With revision by the authors, the manuscript is now even better.

Thanks for the comments to improve the quality of article.

Nevertheless, it is necessary to clarify a few points again with PpIX.

P5, L189: instead “Furthermore, the studies by Jonker and colleagues have demonstrated that mouse with overexpression of ABCG2 transporter has the ability to pump out a prodrug of 5-ALA photosensitizer PpIX” please write “Furthermore, the studies by Jonker and colleagues have demonstrated that mouse with overexpression of ABCG2 transporter has the ability to pump out a photosensitizer PpIX”.

Corrected ad s suggested. Page 5; line 192.

P5, L192: instead “The reduced accumulation of pyro-pheophorbide, chlorin e6 and 5-ALA PpIX photosensitizers in alveolar carcinoma cells limits their photosensitization ability which suggests increased efflux and resistance to treatment [44]” please write “The reduced accumulation of pyro-pheophorbide, chlorin e6 and 5-ALA induced PpIX in alveolar carcinoma cells limits their photosensitization ability which suggests increased efflux and resistance to treatment [44]".

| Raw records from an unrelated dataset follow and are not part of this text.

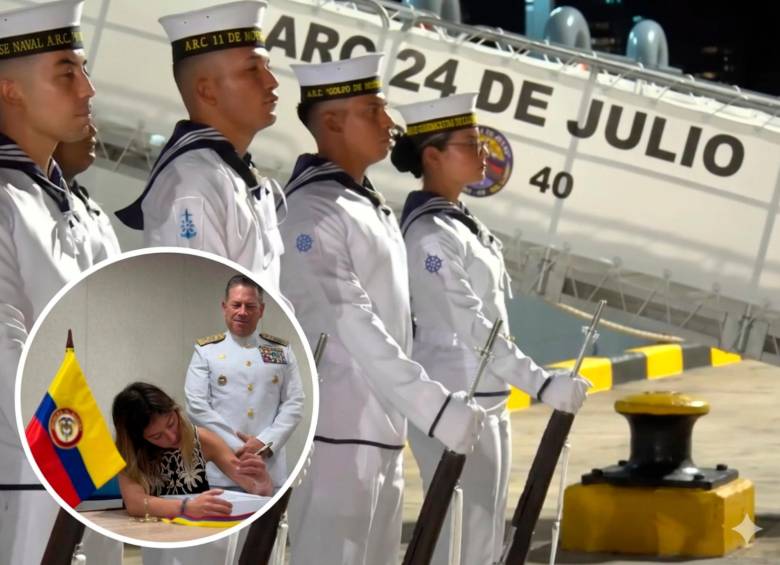  La designación de Antonella Petro como madrina del buque generó reacciones críticas desde sectores políticos de oposición. FOTO GOBIERNO NACIONAL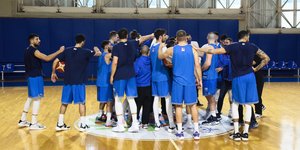 Οι διεθνείς κατά την τελευταία προπόνηση επί ελληνικού εδάφους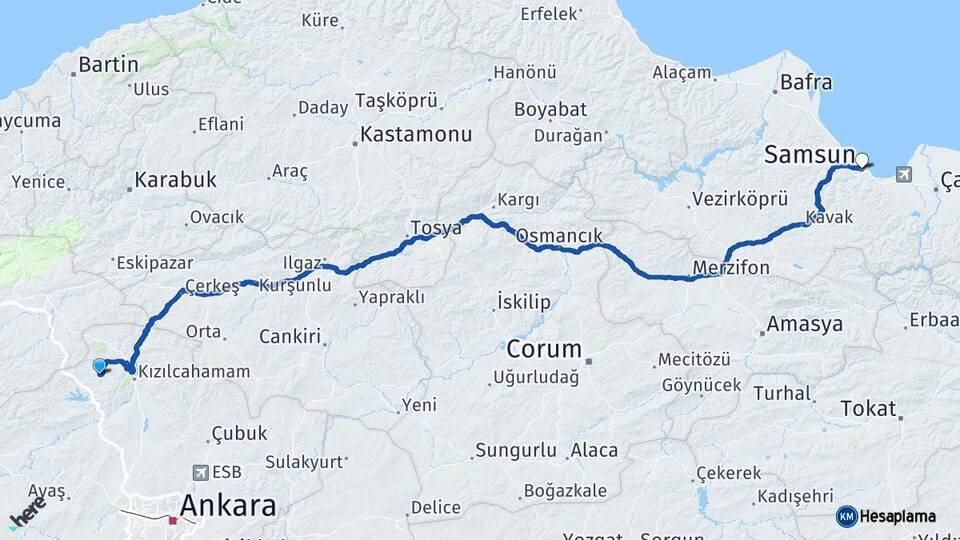 Ankara Çamlıdere Samsun Arası Kaç Km - Yol Haritası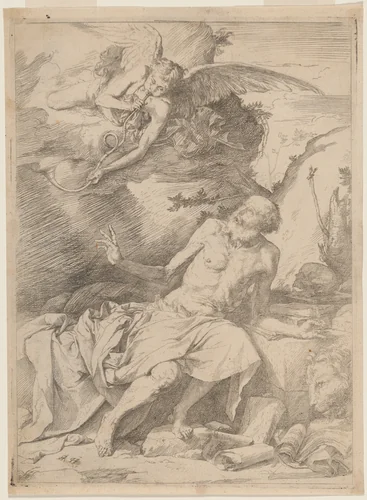 Saint Jerome Hearing the Trumpet of the Last Judgement by Jusepe de Ribera, print, 1616-1626
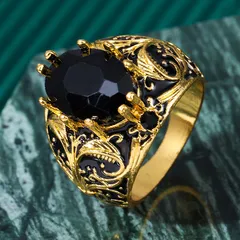 Rose Pattern Unisex Ethnic Style Ring For Everyday Wear, Gold Alloy With Golden Plated Finish And Rhinestone Inlay 2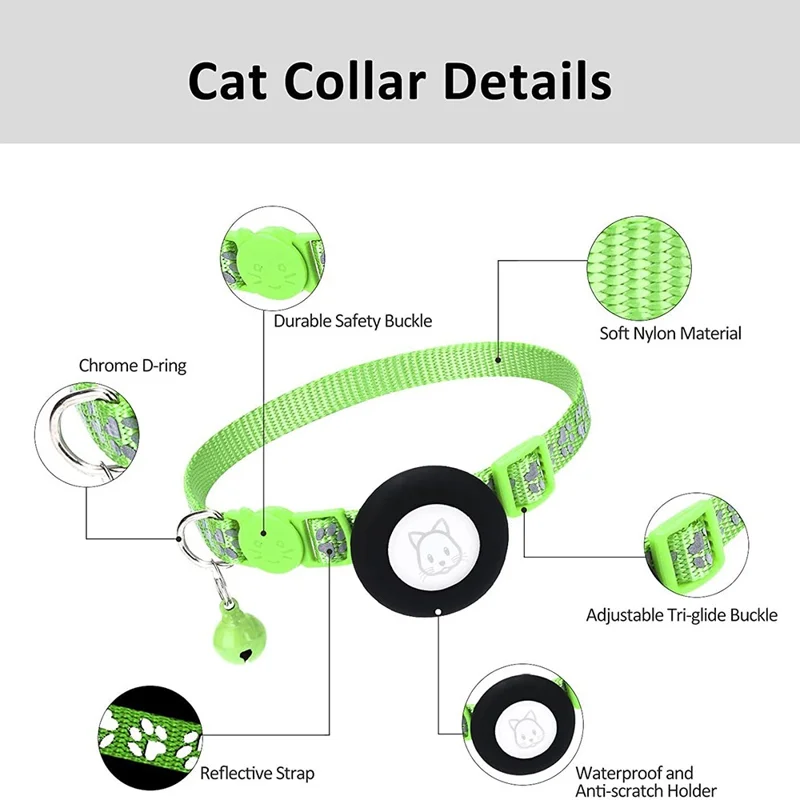 Protective Case for AirTag Reflective Pet Collar GPS Tracker Silicone Cover with Bell and Anti-lost Pendant - Light Green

The change has been implemented. Page 5; line 195.

P5, L195: instead “Photodynamic diagnosis, a technique used for the cancer diagnosis have also shown the reduced accumulation of metabolized PpIX from 5-ALA photosensitizer" please write “Photodynamic diagnosis, a technique used for the cancer diagnosis have also shown the reduced accumulation of metabolized photosensitizer PpIX from 5-ALA".

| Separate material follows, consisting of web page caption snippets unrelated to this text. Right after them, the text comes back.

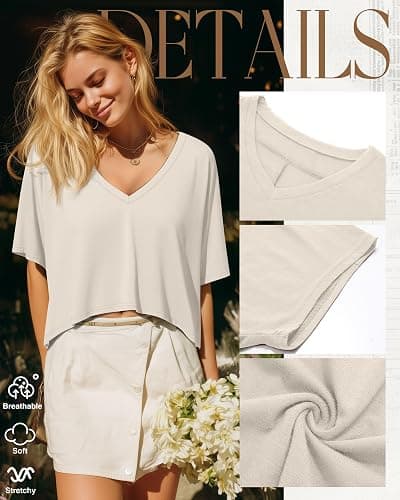 Huukeay 3 Pack Oversized T Shirts for Women Short Sleeve Crop Tops V Neck Irregular Hem Baggy Cropped Tees thumbnail 3
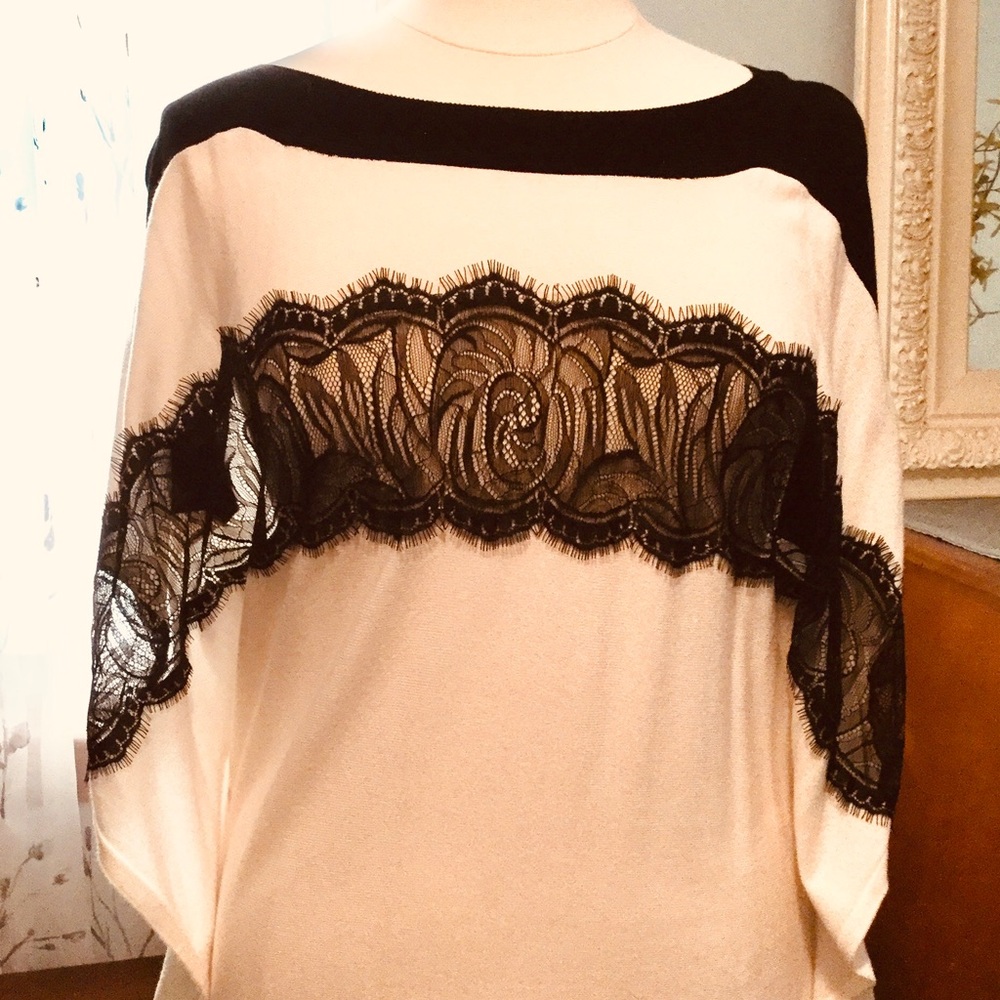 Black lace embellished sweater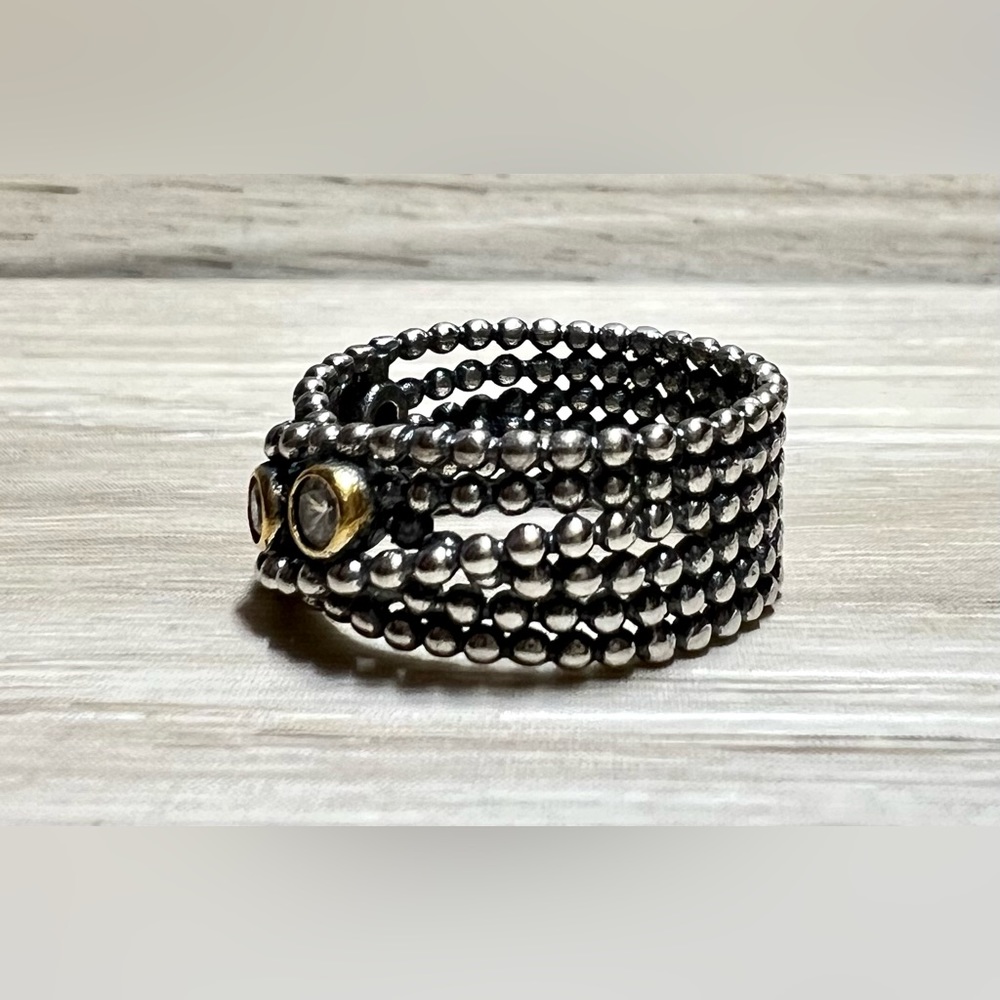 Authentic PANDORA Entangled Beauty Sterling Silver & 14K Gold Diamond Ring - Picture 2 of 9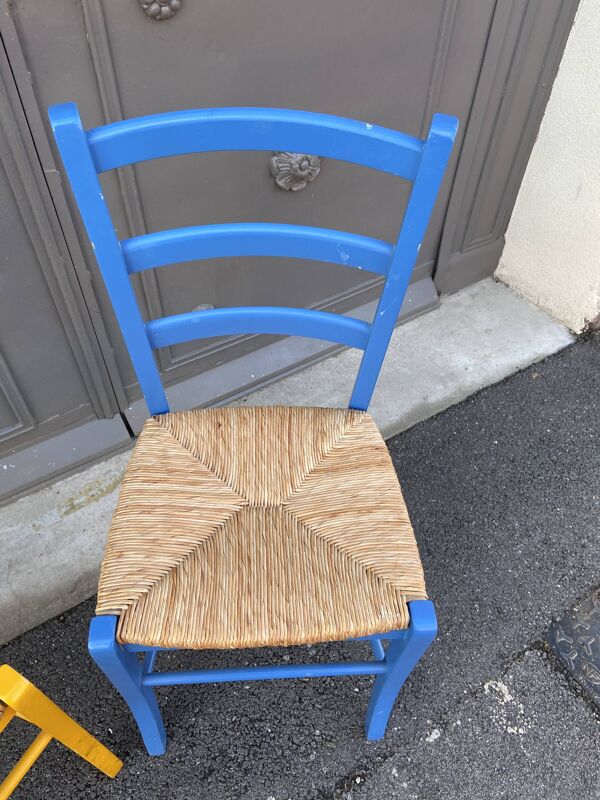 Fausse paire de chaises rustique bistrot Vintage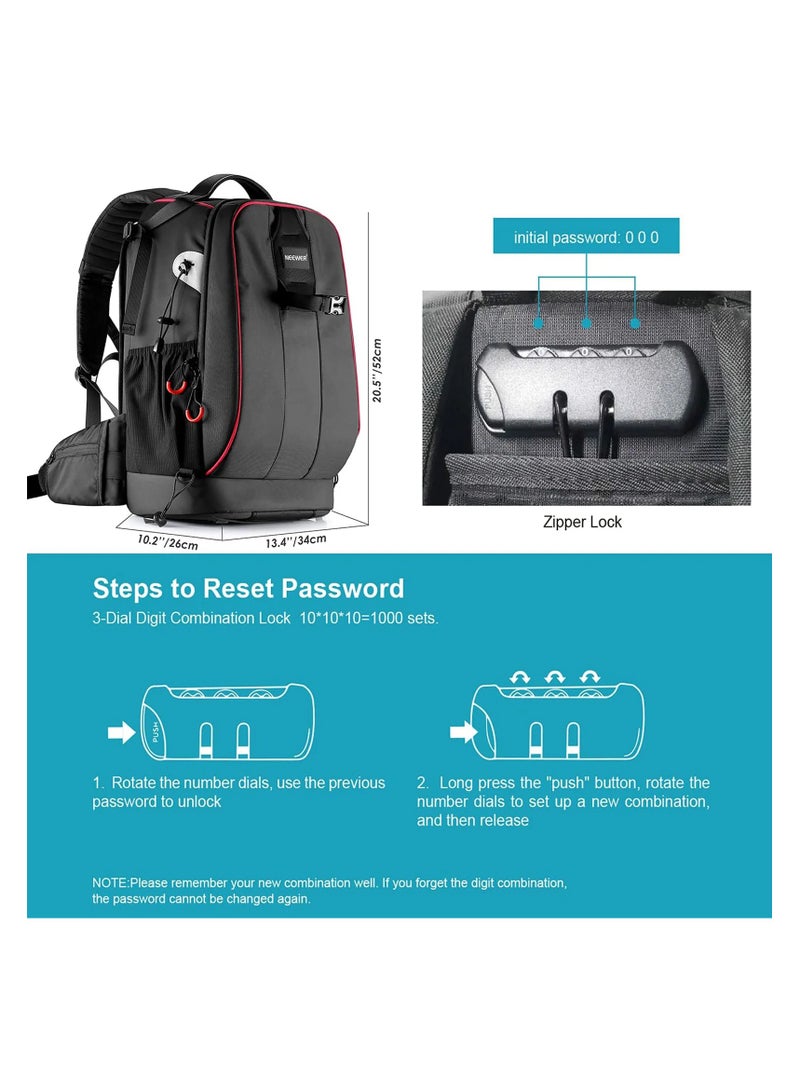 Neewer Adjustable Padded Waterproof Shockproof Camera Backpack with Anti-Theft Lock for DSLR, DJI Phantom Drones, Tripods, Lenses, and Accessories - Image 2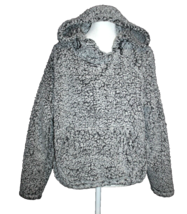 Pink Victoria&#39;s Secret Women&#39;s Sherpa Hoodie Sweatshirt Gray Pullover Size XS - £14.15 GBP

The changes were made as suggested.  

Page 5; line 198 and page 6; line 199.  

Reviewer 1 Comments

Authors Response

Submitted document is another revised version of a manuscript of a review on a role of proteins of the Bcl-2 family in regulation of cell survival in photodynamic therapy of cancer. In previous version I found many flows throughout the whole text and I specifically listed some of the most striking examples. While authors attempted to address these, I believe that these changes generally are not satisfactory. Here I list examles of my previous concerns that has NOT been addresed:

Thanks for the comments. Authors have addressed all the comments/suggestions raised by the reviewer to improve the quality of the article and readership.

line 33-36 - There is no interaction between pro-apoptotic Bcl-2 proteins and cascades. Bcl-2 family proteins permeabilize the mitochondrial membranes to release cytochrome c from mitochondria. Cytochrome c then in cytosol binds to proteins (Apaf1) that activate caspases. In the manuscript, it looks like interaction of pro-apoptotic Bcl-2 proteins with caspases results in release of cytochrome c, which is indeed wrong.)

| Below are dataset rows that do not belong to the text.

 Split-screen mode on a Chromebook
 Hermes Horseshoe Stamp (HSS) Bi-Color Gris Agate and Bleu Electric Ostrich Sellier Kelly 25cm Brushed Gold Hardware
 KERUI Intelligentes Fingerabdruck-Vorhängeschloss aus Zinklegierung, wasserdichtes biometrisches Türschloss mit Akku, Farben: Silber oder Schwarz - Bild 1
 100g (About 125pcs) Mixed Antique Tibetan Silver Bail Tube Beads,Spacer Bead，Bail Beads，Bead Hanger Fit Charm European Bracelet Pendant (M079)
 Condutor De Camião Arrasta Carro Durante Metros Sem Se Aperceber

- I do not see any improvement. I nthe text it still appears like the interaction of pro-apoptotic Bcl-2 proteins with caspases woulld result in release of cytochrome c. This is wrong.)

The sentence has been modified.

Page 1; line 33 – 35.

lines 48-55 - This is not factually wrong, but it is confusing. First mentioned group of proteins is called BH3-olny proteins (not BH3 proteins). From the text it also appears like all members are mentioned, while these are only examples.)

In that paragraph authors are trying to explain the structural representation of homologies and functional properties of Bcl-2 family proteins in figure 1. However, BH3-only proteins that share sequence homolog at BH3 sites are mentioned for clarity in page 2; line 55 – 56.

No improvement, (even the BH3 proteins has not been changed to BH3-only proteins - ln.49)

The change has been included

Page 2; line 49

inhibition of antiapoptoic proteins by BH3-only proteins is NOT reversal of activation of Bax/Bak by BH3-only proteins.

 - Again on improvement.

The sentence has been corrected

Page 3; line 90 – 92.

In my opinion the manusript, thus, does not describe the action of proteins of Bcl2 family as we know it. Other than that I do not see any improvement in English and writing style (which would be easily fixed, by giving the manuscript to a native English sepeaker for correction). 

I am sorry but I must therefore recommend not to accept the manuscript for publication.

The manuscript has been checked and corrected to improve its readership.